Countries around the world are making long-term efforts to reduce greenhouse gas emissions in response to global climate change, with a target of Zero greenhouse gas emissions by 2050.
In the automotive sector, discussions are ongoing on carbon-free powertrains in the future. Hydrogen is a fuel that can achieve zero carbon emissions and production, and is positioned as a key technology that is expected to play an active role in a wide range of fields, including power generation, transportation, and industry. Hydrogen engines are attracting increasing attention because conventional engine components can be diverted. In particular, hydrogen direct injection engines are attracting attention in order to achieve high power and high efficiency. In a hydrogen direct injection engine, the generation of backfire can be suppressed by injecting high-pressure hydrogen in the compression process, but it is known that the formation of air-fuel mixture in the cylinder becomes difficult, which greatly affects the engine performance. The exposure time of the hydrogen mixture to the hot spot in the cylinder can be reduced by retarding the hydrogen injection timing. Furthermore, the injection retard can reduce the compression work, and the stratification of the mixture and the in-cylinder turbulence intensity can improve the initial flame growth. The reduction of heat loss can also be expected by reducing the rich area near the combustion chamber wall by stratification. (3) On the other hand, stratification has the possibility of increasing heat loss, and the occurrence of hot spots also increases the possibility, and consequently it can be a factor of preignition.

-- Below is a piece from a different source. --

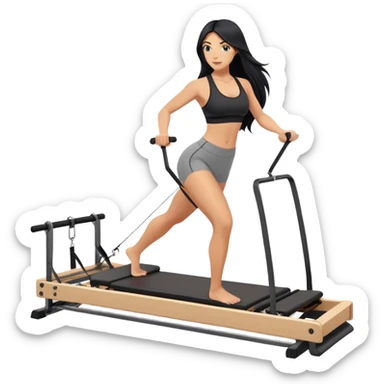 woman with tanned skin, long black hair, wearing a sports bra, doing exercise on a Pilates reformer machine sticker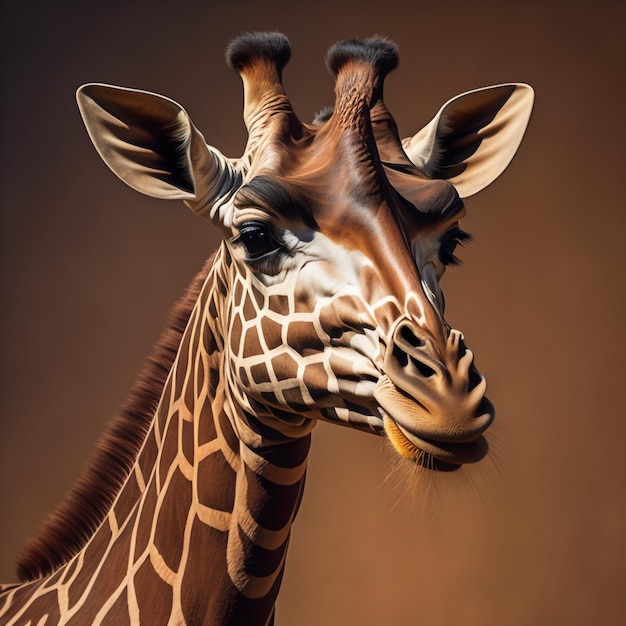 Eine Giraffe mit braunem Hintergrund, die einen braunen Hintergrund hat.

A hydrogen mono-firing operation was conducted using a research single-cylinder engine, and a clear change in combustion was observed when the injection timing was delayed from the time when the intake valve was closed. It is clear that the mixing state of hydrogen and air in the cylinder changes with the change of the injection timing and affects the combustion. In order to examine the details, it is necessary to make a CFD model and grasp the hydrogen mixing state in the cylinder. It is necessary to construct a detailed hydrogen jet model for a CFD model of a hydrogen direct injection engine. The jet generated by a hydrogen direct injection injector was visualized by the schlieren method, and an injector analysis model was constructed. The effect of the injection timing on hydrogen combustion is examined by CFD analysis in the engine cylinder using the injector analysis model.